INSTRUCTIONS TO FOLLOW: Begin the copy at the line containing "Convite para Casamento" in the data below and end it at the line containing "LaCie Rugged Mini", keeping each line exact and leaving out pictures.

DATA EXTRACTS:
■ ■ ■ ■ ■

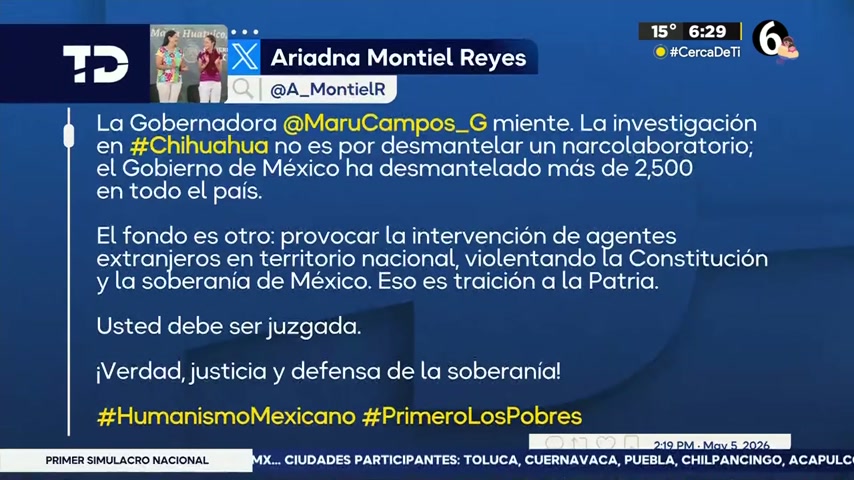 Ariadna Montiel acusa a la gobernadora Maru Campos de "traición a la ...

■ ■ ■ ■ ■

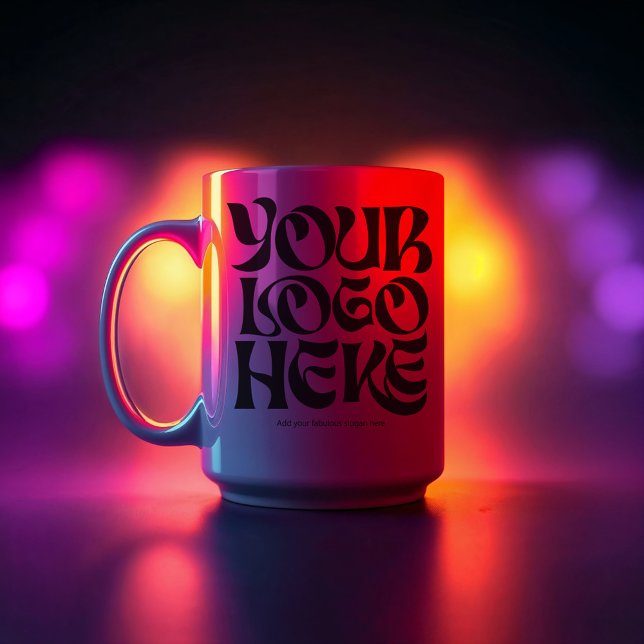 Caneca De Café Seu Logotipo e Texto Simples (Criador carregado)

■ ■ ■ ■ ■

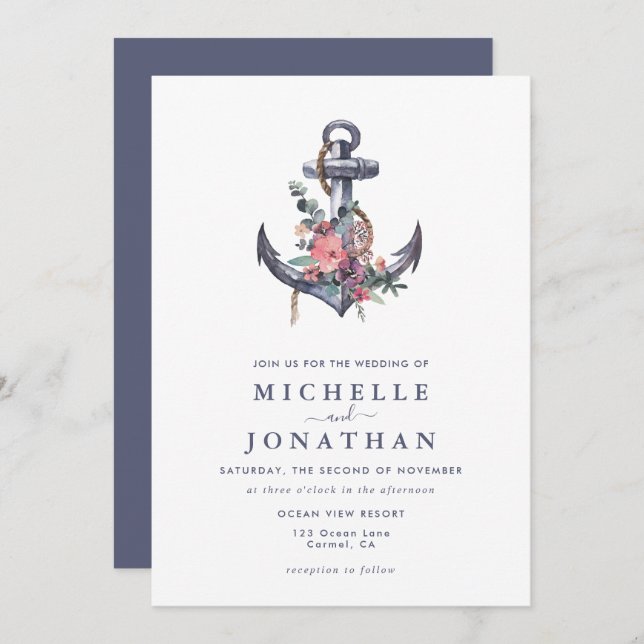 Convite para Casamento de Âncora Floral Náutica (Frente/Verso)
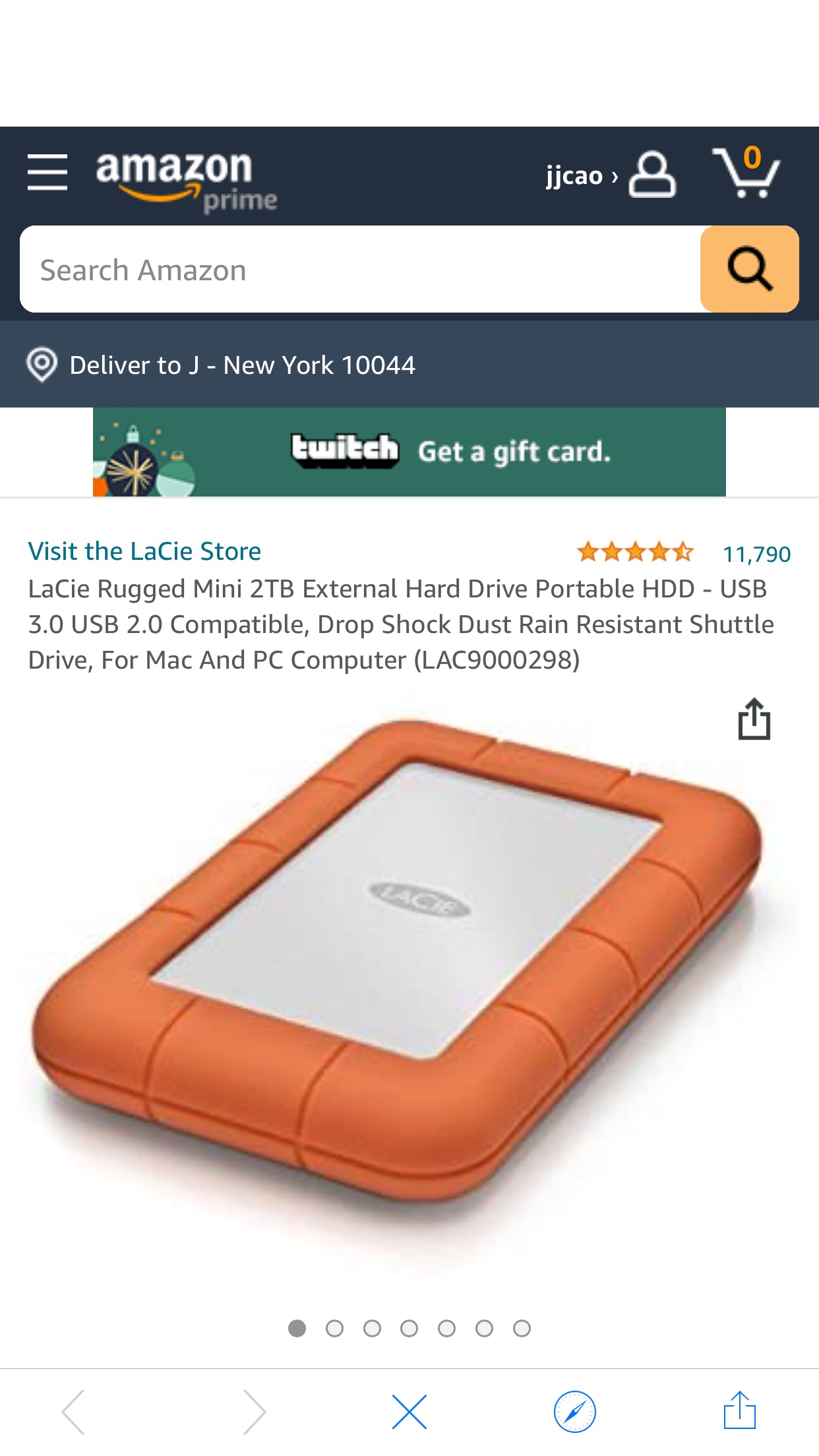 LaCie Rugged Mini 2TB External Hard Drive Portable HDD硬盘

■ ■ ■ ■ ■

TASK RESPONSE:
 Convite para Casamento de Âncora Floral Náutica (Frente/Verso)
 LaCie Rugged Mini 2TB External Hard Drive Portable HDD硬盘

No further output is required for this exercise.